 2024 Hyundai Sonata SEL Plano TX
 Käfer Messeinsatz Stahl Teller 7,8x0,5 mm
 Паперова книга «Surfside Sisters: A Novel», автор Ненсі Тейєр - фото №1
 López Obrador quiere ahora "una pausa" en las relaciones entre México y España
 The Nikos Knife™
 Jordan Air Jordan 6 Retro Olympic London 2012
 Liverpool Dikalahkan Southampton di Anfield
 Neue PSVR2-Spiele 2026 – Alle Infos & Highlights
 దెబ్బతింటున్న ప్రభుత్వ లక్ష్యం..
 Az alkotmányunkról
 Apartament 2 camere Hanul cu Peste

○ ○ ○

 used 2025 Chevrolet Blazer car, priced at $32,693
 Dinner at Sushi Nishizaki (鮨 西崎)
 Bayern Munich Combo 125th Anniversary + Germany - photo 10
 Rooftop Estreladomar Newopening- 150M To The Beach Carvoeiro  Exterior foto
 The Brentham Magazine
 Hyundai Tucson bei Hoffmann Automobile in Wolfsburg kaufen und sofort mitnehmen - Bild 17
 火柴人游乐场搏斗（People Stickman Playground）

○ ○ ○

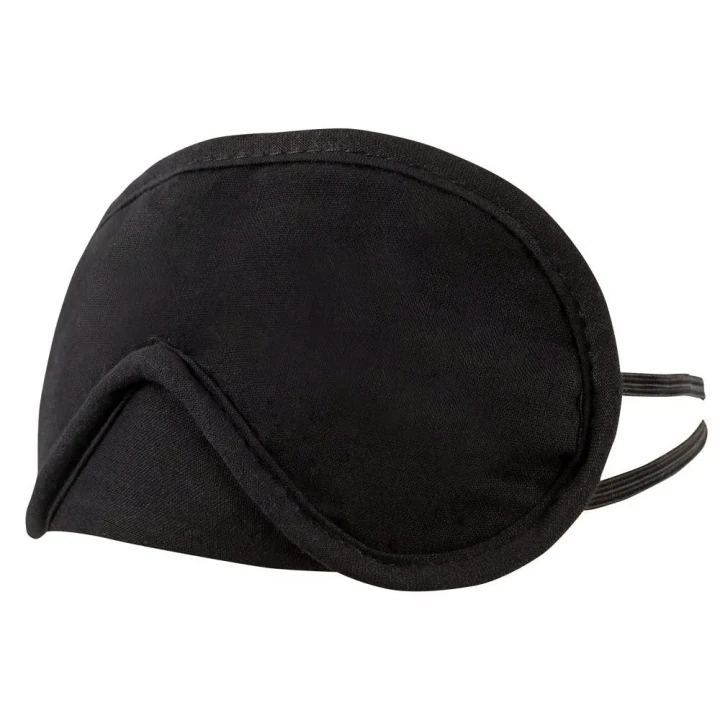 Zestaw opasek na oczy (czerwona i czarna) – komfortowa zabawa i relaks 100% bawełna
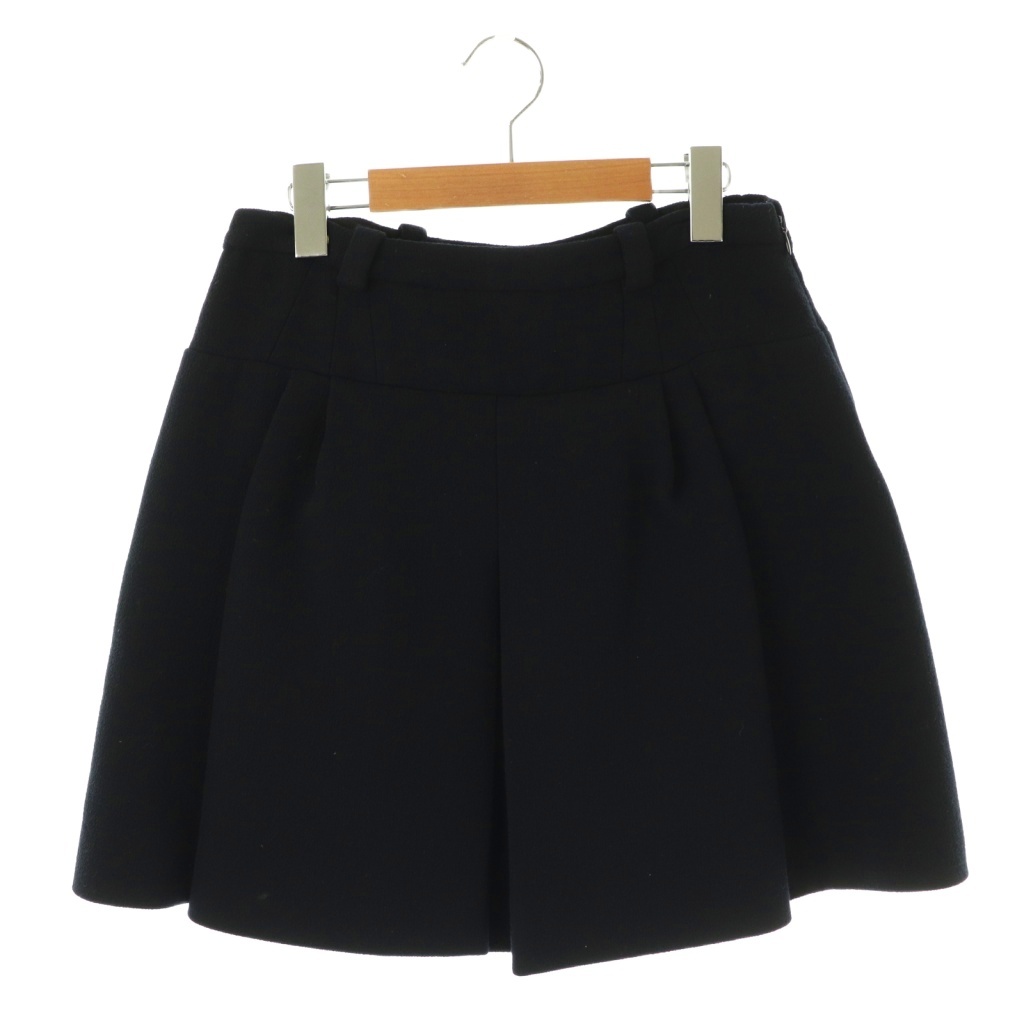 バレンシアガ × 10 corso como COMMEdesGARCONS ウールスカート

○ ○ ○

(PROBLEM DETAILS) Would you print exactly and only the lines of the material above that run from the line with "Az alkotmányunkról" through the line with "Apartament 2 camere Hanul cu Peste", both included?

(EXERCISE SOLUTION)
 Az alkotmányunkról
 Apartament 2 camere Hanul cu Peste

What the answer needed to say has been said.